• **Required work**: Although the data below contains pictures, output only the lines between those holding "Needle & Thread" and "Venta PH 4 ambientes en Boedo", inclusive, exactly and without those pictures.

• **Supplied data**:
--- --- ---

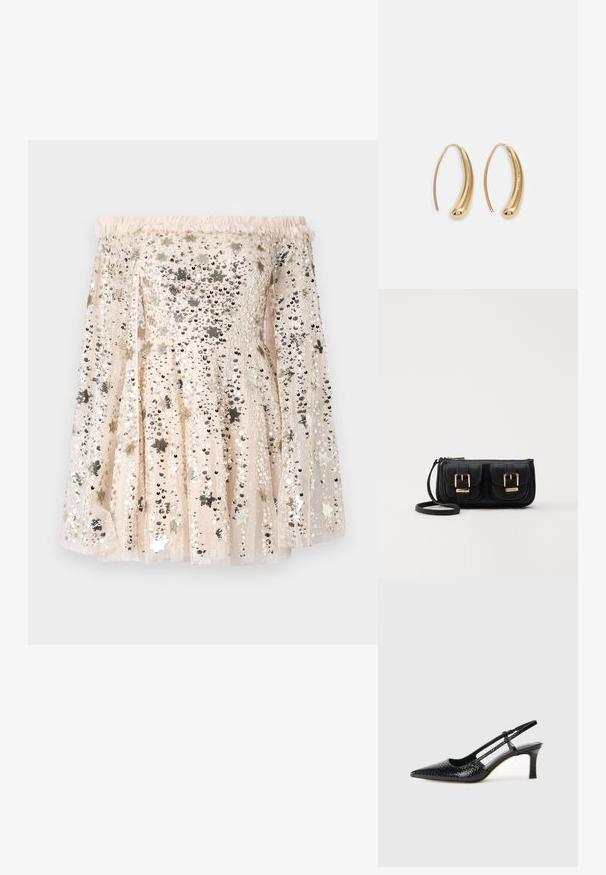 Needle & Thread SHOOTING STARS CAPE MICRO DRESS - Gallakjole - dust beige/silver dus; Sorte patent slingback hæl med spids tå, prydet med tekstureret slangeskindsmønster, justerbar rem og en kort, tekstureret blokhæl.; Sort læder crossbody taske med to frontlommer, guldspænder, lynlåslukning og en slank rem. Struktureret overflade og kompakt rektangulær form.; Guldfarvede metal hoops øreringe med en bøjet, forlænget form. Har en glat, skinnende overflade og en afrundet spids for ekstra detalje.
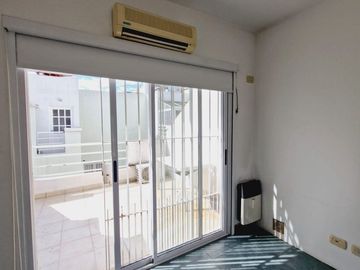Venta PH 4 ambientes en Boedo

--- --- ---

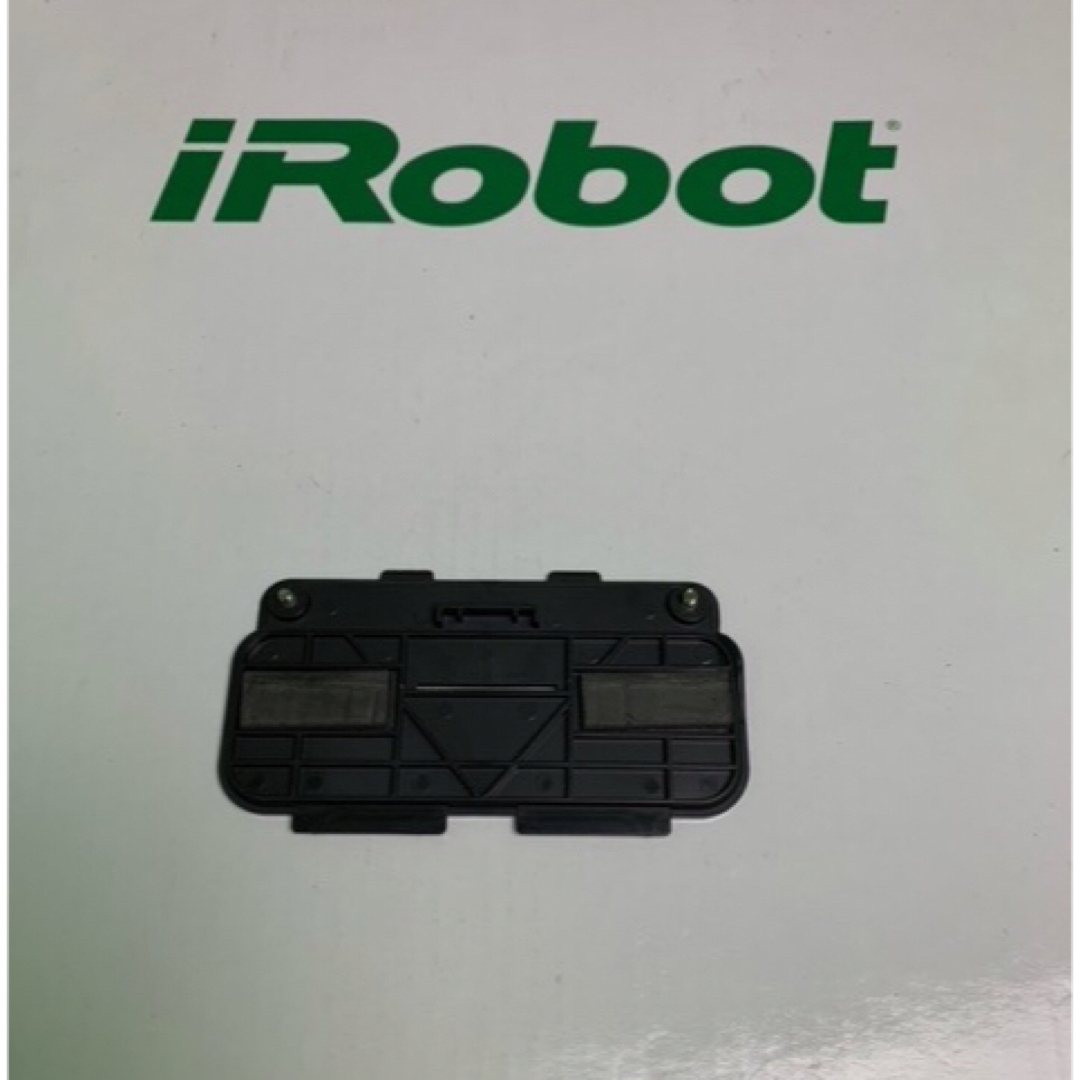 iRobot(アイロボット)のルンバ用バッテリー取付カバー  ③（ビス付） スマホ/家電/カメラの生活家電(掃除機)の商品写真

--- --- ---

• **Finished exercise**:
 Needle & Thread SHOOTING STARS CAPE MICRO DRESS - Gallakjole - dust beige/silver dus; Sorte patent slingback hæl med spids tå, prydet med tekstureret slangeskindsmønster, justerbar rem og en kort, tekstureret blokhæl.; Sort læder crossbody taske med to frontlommer, guldspænder, lynlåslukning og en slank rem. Struktureret overflade og kompakt rektangulær form.; Guldfarvede metal hoops øreringe med en bøjet, forlænget form. Har en glat, skinnende overflade og en afrundet spids for ekstra detalje.
Venta PH 4 ambientes en Boedo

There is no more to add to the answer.